Task objective:
Every entry must be transcribed exactly. Pictures are not part of the copy.

Provided data:
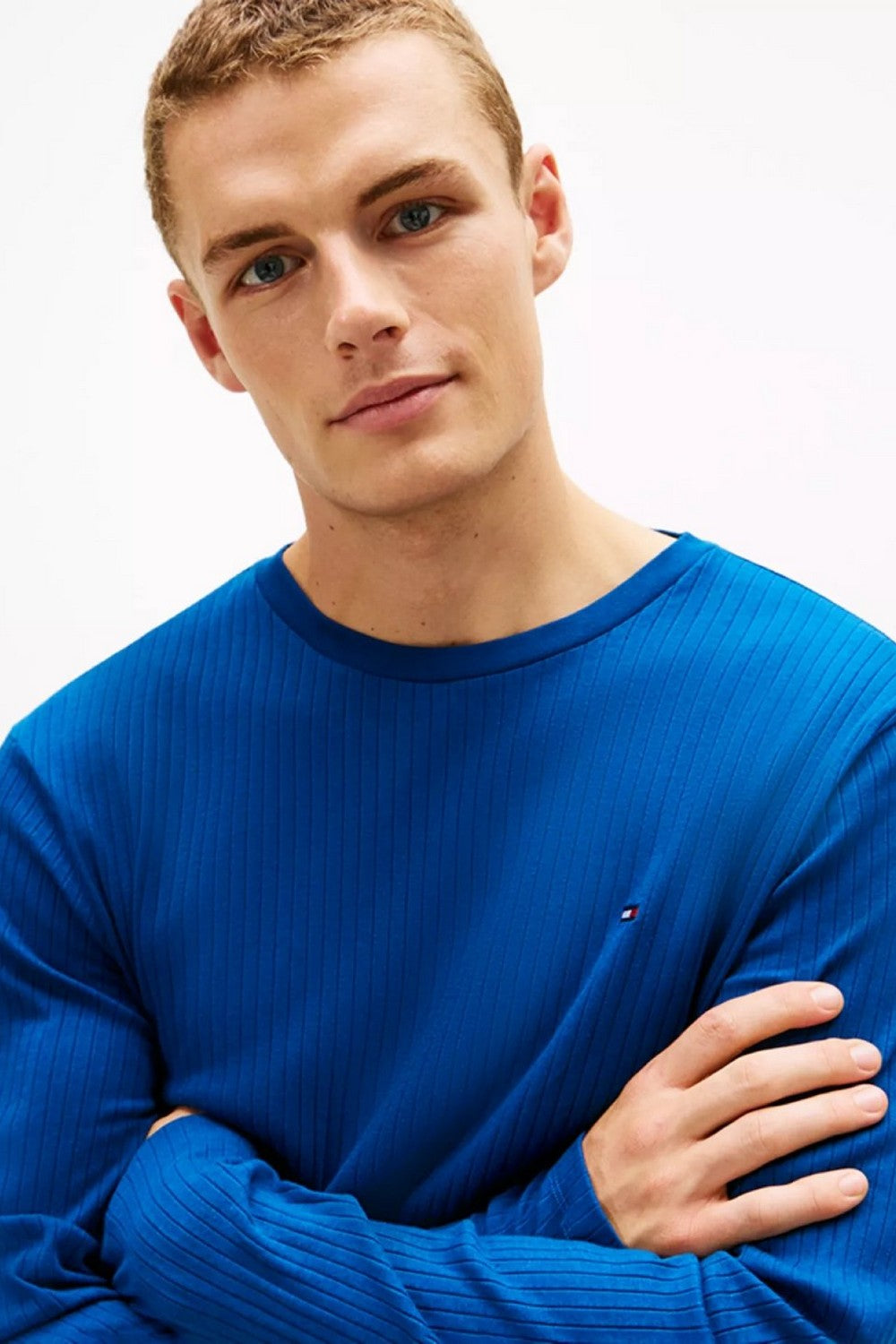 Чоловіча піжама 328175493 blue Tommy Hilfiger тканина
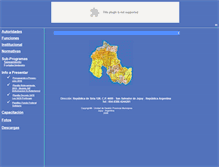 Tablet Screenshot of municipios.jujuy.gov.ar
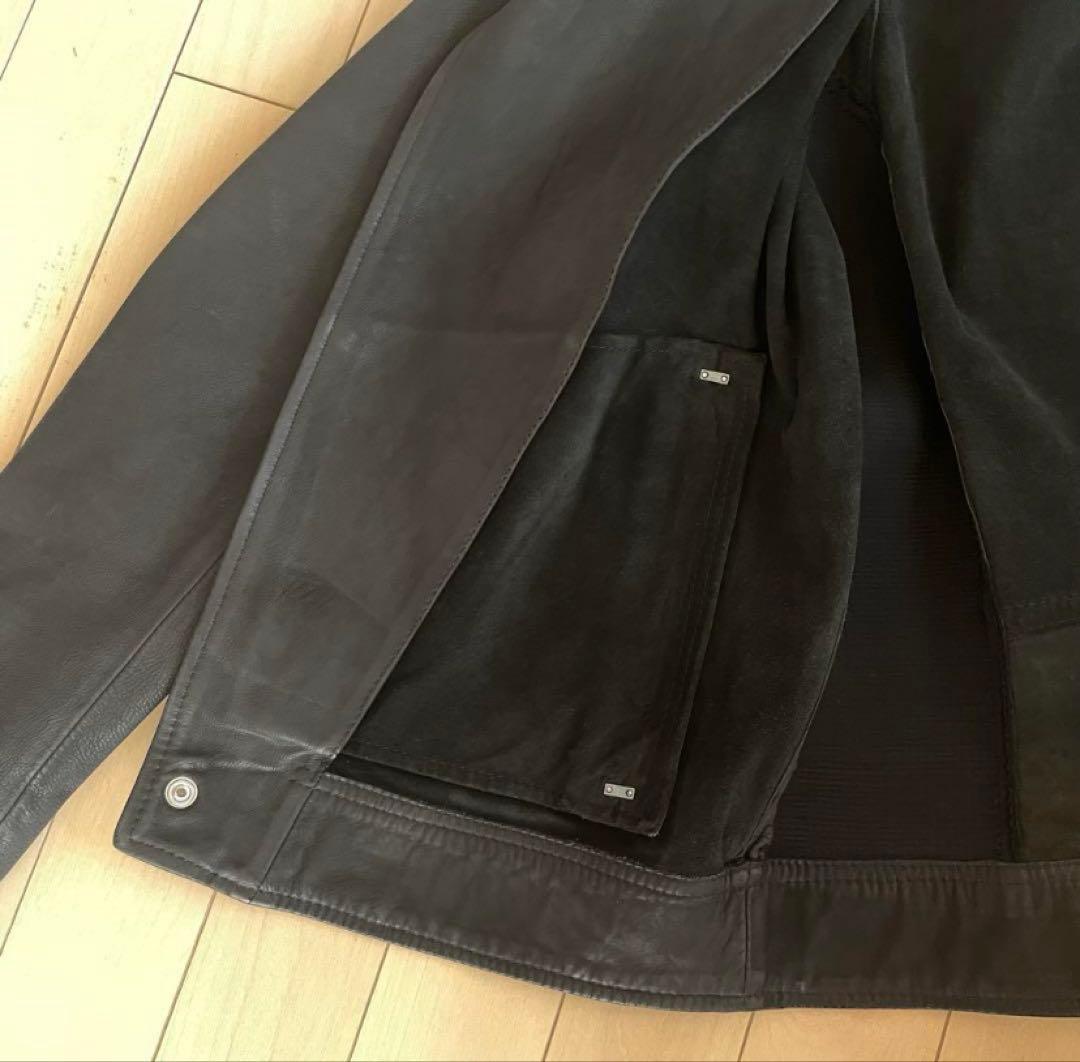 【ほぼ未使用品】激安特価中❣️❣️DIESEL/ディーゼル ライダースジャケット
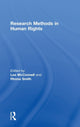 Book cover of: Research Methods in Human Rights. By: Rhona Smith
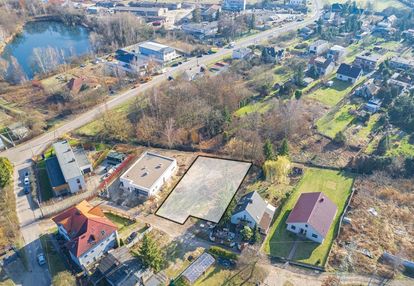 Najtańsza działka na grunwaldzie ✅ projekt + pnb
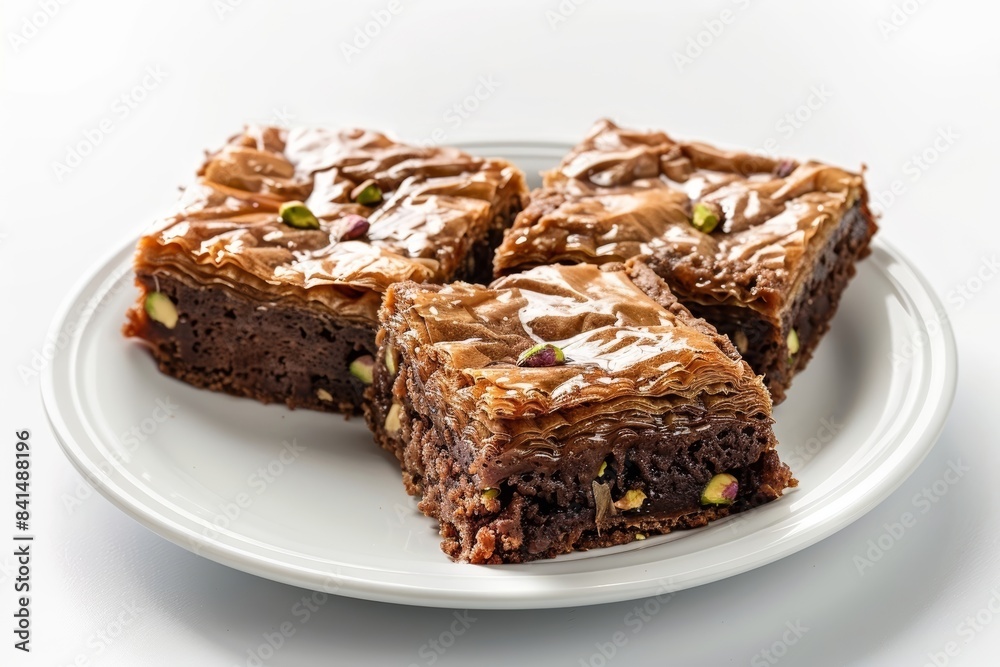 Baklava Blondies: A Sensational Dessert to Satisfy Any Craving Baklava Blondies: A Sensational Dessert to Satisfy Any Craving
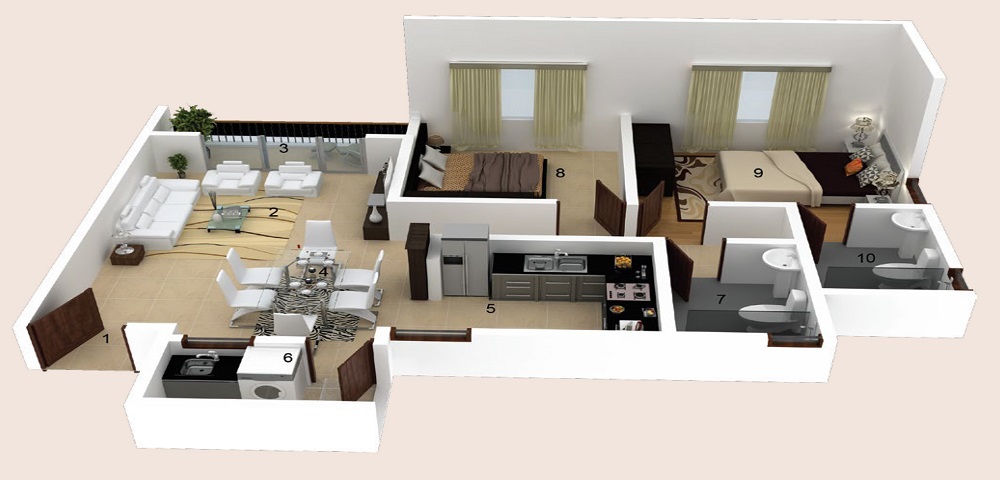 Hebron Towers Floor Plan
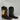 Corral A4339 Men’s Black Embroidery Horseman Toe Size 7D - Very Good - Ufashion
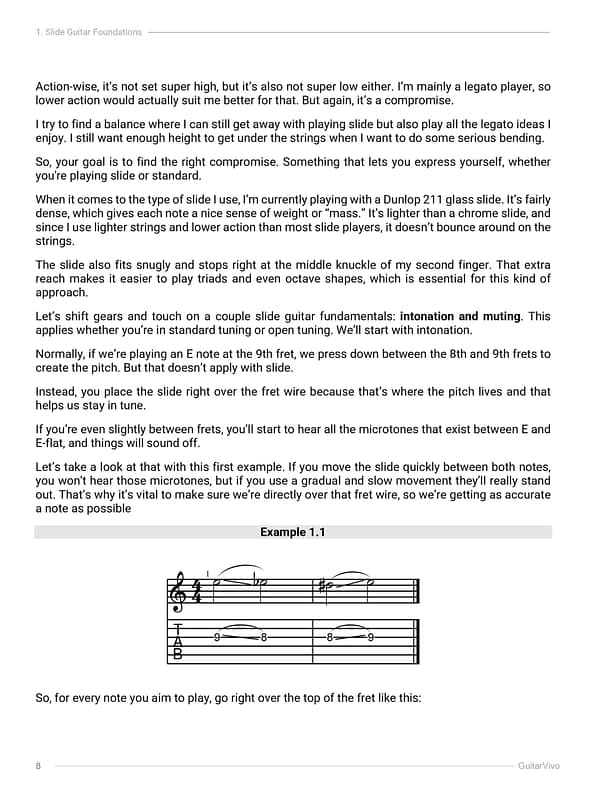 Modern Slide Guitar Techniques in Standard Tuning-8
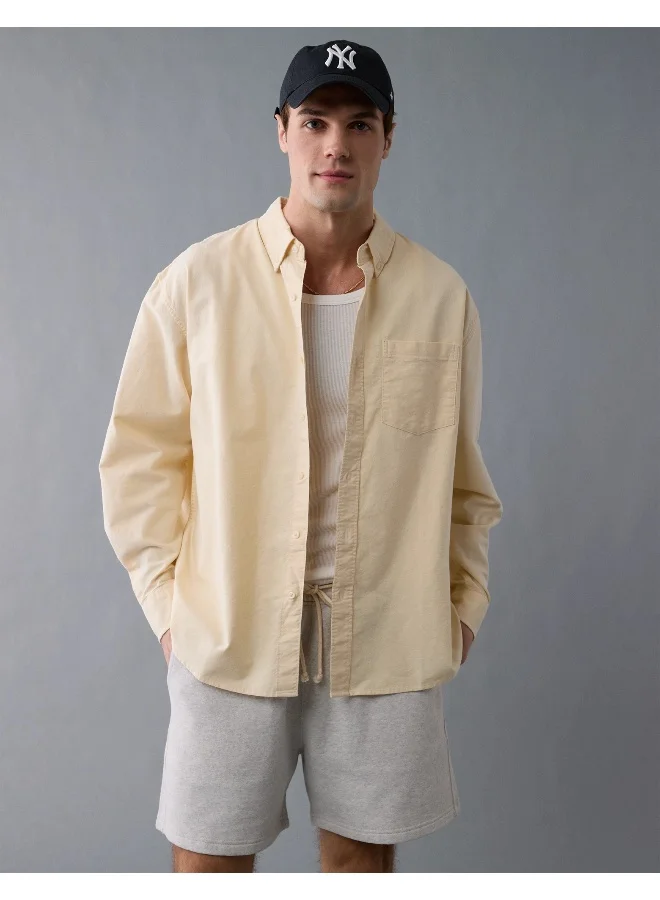 امريكان ايجل AE Everyday Oxford Button-Up Shirt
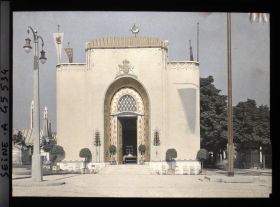 Image représentant L'Exposition des arts décoratifs, Pavillon de la Grande-Bretagne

Answer box:
 Чоловіча піжама 328175493 blue Tommy Hilfiger тканина
 Tablet Screenshot of municipios.jujuy.gov.ar
 【ほぼ未使用品】激安特価中❣️❣️DIESEL/ディーゼル ライダースジャケット
 Book cover of: Research Methods in Human Rights. By: Rhona Smith
 Najtańsza działka na grunwaldzie ✅ projekt + pnb
 Baklava Blondies: A Sensational Dessert to Satisfy Any Craving Baklava Blondies: A Sensational Dessert to Satisfy Any Craving
 Hebron Towers Floor Plan
 Corral A4339 Men’s Black Embroidery Horseman Toe Size 7D - Very Good - Ufashion
 Modern Slide Guitar Techniques in Standard Tuning-8
 امريكان ايجل AE Everyday Oxford Button-Up Shirt
 Image représentant L'Exposition des arts décoratifs, Pavillon de la Grande-Bretagne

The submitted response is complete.